WHAT YOU WILL DO: At the line that contains "ジュネスⅢの居間・リビング", begin setting down every line word for word, and stop after the last line of the listing.

LISTED ENTRIES:
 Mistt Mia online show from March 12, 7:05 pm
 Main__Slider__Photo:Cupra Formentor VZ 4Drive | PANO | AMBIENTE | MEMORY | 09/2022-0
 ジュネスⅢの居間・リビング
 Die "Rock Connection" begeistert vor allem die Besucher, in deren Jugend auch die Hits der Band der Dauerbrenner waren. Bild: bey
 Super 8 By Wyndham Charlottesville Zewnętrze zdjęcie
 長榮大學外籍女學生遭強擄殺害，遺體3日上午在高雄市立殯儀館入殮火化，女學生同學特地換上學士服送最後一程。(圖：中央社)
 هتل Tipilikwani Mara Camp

OUTPUT FOR THIS TASK:
 ジュネスⅢの居間・リビング
 Die "Rock Connection" begeistert vor allem die Besucher, in deren Jugend auch die Hits der Band der Dauerbrenner waren. Bild: bey
 Super 8 By Wyndham Charlottesville Zewnętrze zdjęcie
 長榮大學外籍女學生遭強擄殺害，遺體3日上午在高雄市立殯儀館入殮火化，女學生同學特地換上學士服送最後一程。(圖：中央社)
 هتل Tipilikwani Mara Camp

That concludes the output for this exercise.